Title: Chasing sets, with an application to online shortest path
Abstract: Since the late 19th century, mathematicians have realized the importance and generality of selection problems: given a collection of sets, select an element in each set, possibly in a “nice” way. Of particular importance in computer science is the scenario where the ground set is a metric space, in which case it is natural to ask for *Lipschitz* selection. In this talk I will describe a far-reaching extension of this classical Lipschitz selection problem to an *online* setting. I will show how mirror descent can be used to approach this type of problems, and I will illustrate the power of the framework by solving a long-standing problem in online shortest path known as layered graph traversal.

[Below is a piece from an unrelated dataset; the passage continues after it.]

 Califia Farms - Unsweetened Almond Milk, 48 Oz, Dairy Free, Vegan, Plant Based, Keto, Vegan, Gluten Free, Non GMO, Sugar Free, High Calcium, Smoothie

Bio: Sebastien Bubeck leads the Machine Learning Foundations group at Microsoft Research Redmond. He joined MSR in 2014, after three years as an assistant professor at Princeton University. He received several best paper awards at machine learning conferences for his work on online decision making, convex optimization, and adversarial robustness (NeurIPS 2021, NeurIPS 2018, ALT 2018, COLT 2016, COLT 2009). He also wrote two monographs, “Regret Analysis of Stochastic and Non-Stochastic Multi-Armed Bandit Problems” (2012) and “Convex Optimization: Algorithms and Complexity” (2014).